- **Task description**: Would you print the records below word for word, without the pictures?

- **Short text fragments from websites**:
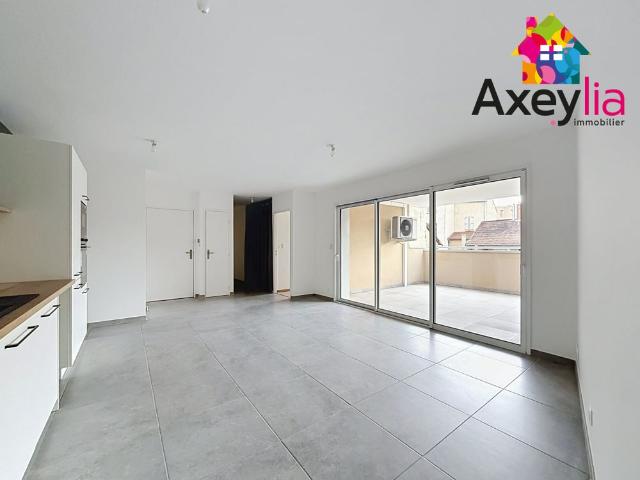 A LOUER FEURS CENTRE APPARTEMENT T3 AVEC GRANDE TERRASSE, PARKING FERME ET CAVE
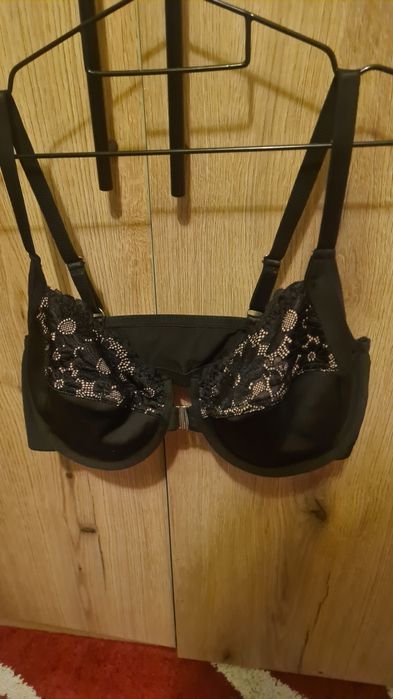 Сет  сутиени  голям размер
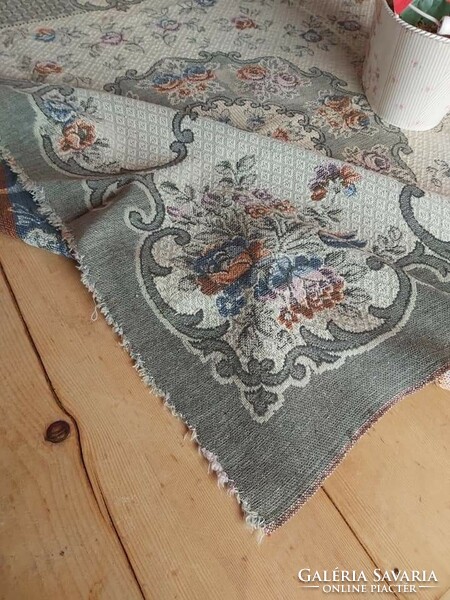Beautiful pattern retro woven tablecloth bedspread nostalgia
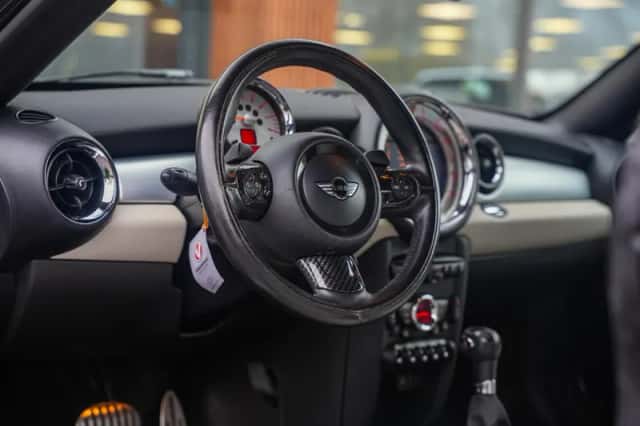MINI Coupé (2012) thumbnail 4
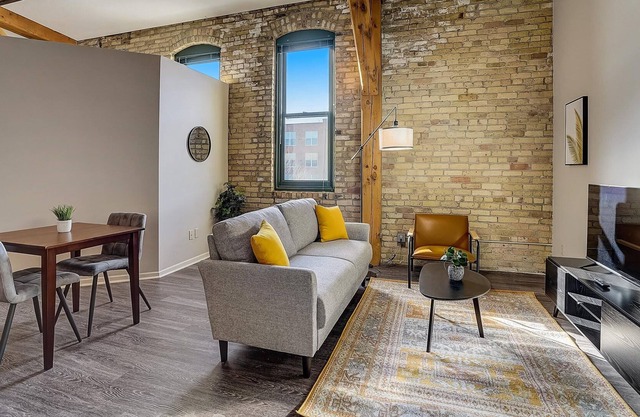 Frontdesk | 2 BR Studio Apt by Mill City Museum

- **Answer area**:
 A LOUER FEURS CENTRE APPARTEMENT T3 AVEC GRANDE TERRASSE, PARKING FERME ET CAVE
 Сет  сутиени  голям размер
Beautiful pattern retro woven tablecloth bedspread nostalgia
MINI Coupé (2012) thumbnail 4
 Frontdesk | 2 BR Studio Apt by Mill City Museum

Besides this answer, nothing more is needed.